Bill Maher Will Tone Down Vitriol, Predicts "Sh*tstorm" For Country
Maher was talking on Friday – one day after restless briefing correspondents pointed out to Sanders that her talking points on President Donald Trump’s dealings with Stormy Daniels bore no resemblance to what Trump’s new attorney Rudy Giuliani said on Sean Hannity’s program the previous night. The correspondents, remembering all the other times Sanders briefing remarks proved to be extremely creative moldings of the rough clay of truth, wondered why they should swallow any more of the horseradish she feeds them. She seemed stumped, assuring them she always serves the best horseradish available to her at the time.
“We know this is the lying-est administration ever,” Maher snarked on his show, saying the Washington Post this week reported its update of Trump’s lies in office to date and he’s pushed past 3K. “He’s the Pete Rose of lying.”
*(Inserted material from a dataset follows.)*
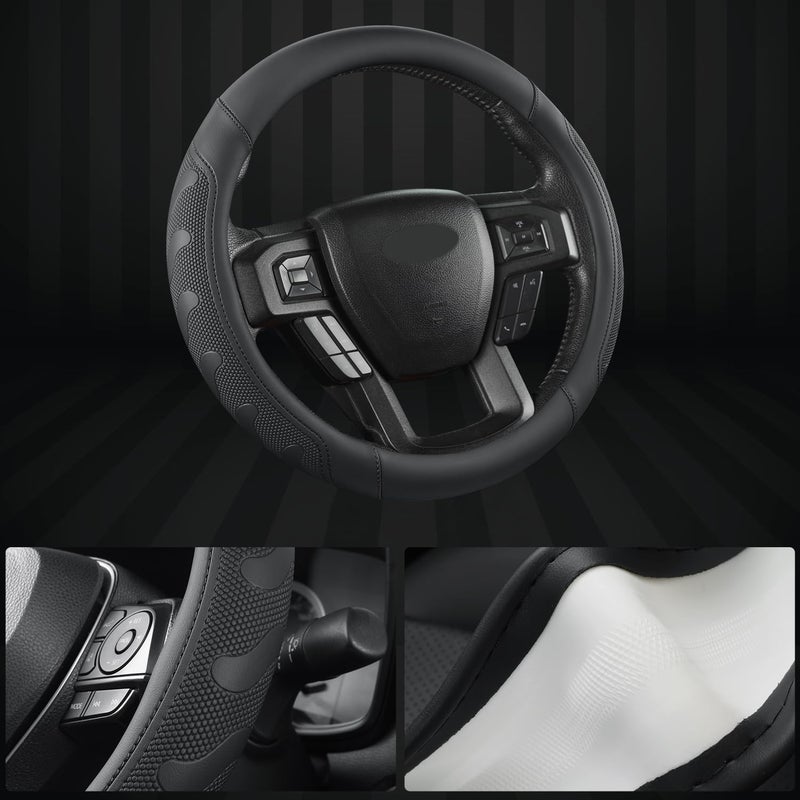 GIANT PANDA Car Steering Wheel Cover for Ford - F150 F250 F350 Expedition, (15.5-16 inches - Black) - Image 4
“What is the point of going into this room every day and having this Baghdad Bob person just tell you this bullshit that you know is bullshit and he knows is bullshit.” Walking out en masse would “make a statement,” he suggested. Stay tuned…
On this week’s show, Maher also aired another edition of Explaining Jokes to Idiot, a segment in which he explains to idiots the jokes they missed – because they’re idiots.
This time, he examined reaction to Amy Schmer’s new film I Feel Pretty. (See the video above.) The “professionally offended,” he said, have decided, “even though it’s a movie by women filmmakers, presenting a pro-woman message, it’s does it the wrong way!”
Schumer has remade The Nutty Professor, Maher said, “where someone not thin, and not cool, magically sees themselves as better looking and gains confidence. Except, when Eddie Murphy did it, he didn’t have the Purity Police up his ass.”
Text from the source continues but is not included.